### LISTED RECORDS
-------

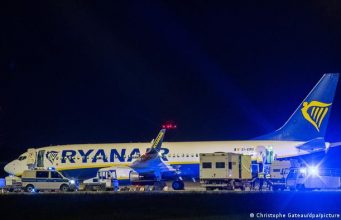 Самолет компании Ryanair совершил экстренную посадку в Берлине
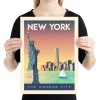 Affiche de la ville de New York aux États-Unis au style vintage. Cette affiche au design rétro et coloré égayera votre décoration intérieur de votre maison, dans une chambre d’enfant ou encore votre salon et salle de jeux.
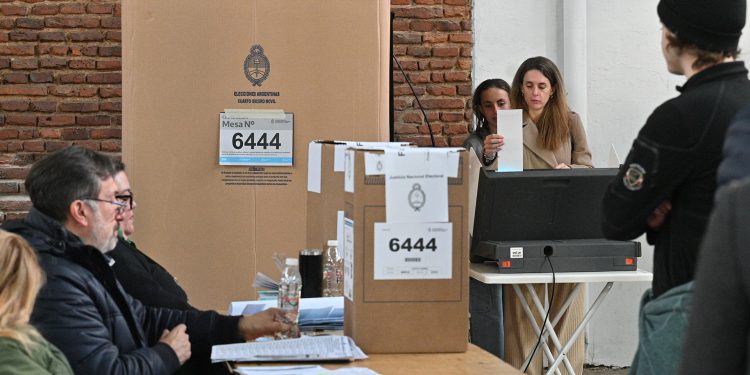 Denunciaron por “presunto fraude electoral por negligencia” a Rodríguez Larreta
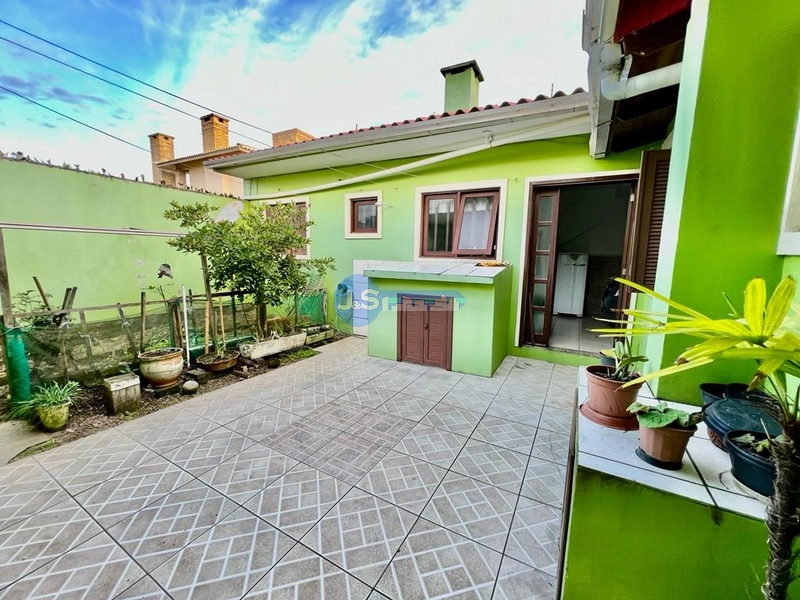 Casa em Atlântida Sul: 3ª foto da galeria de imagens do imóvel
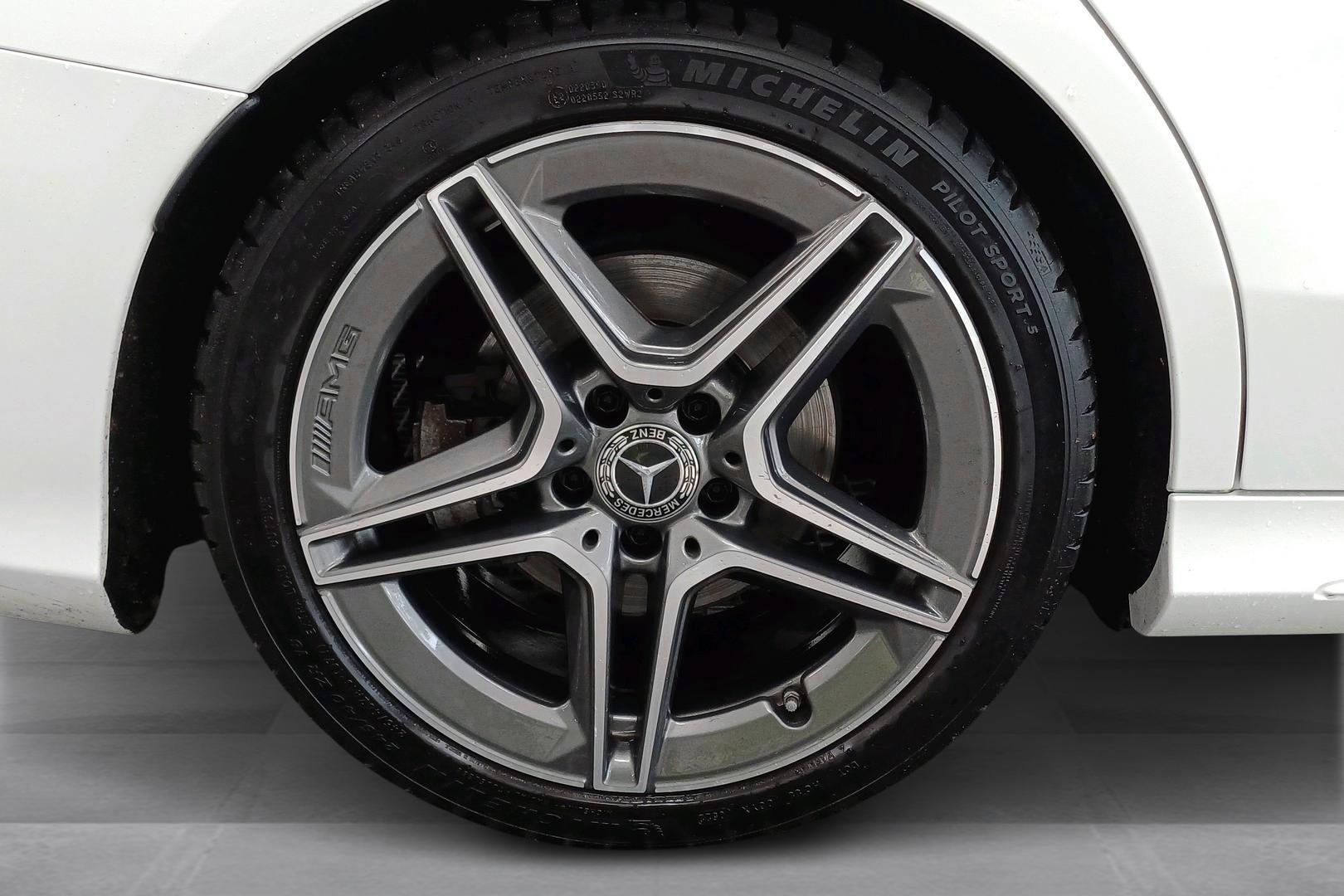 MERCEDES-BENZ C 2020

-------

### ASSIGNED TASK
From the line containing "Casa em Atlântida" to the last line of the records, inclusive, output the lines exactly as written and nothing else; leave out the pictures.

### RESULT
 Casa em Atlântida Sul: 3ª foto da galeria de imagens do imóvel
 MERCEDES-BENZ C 2020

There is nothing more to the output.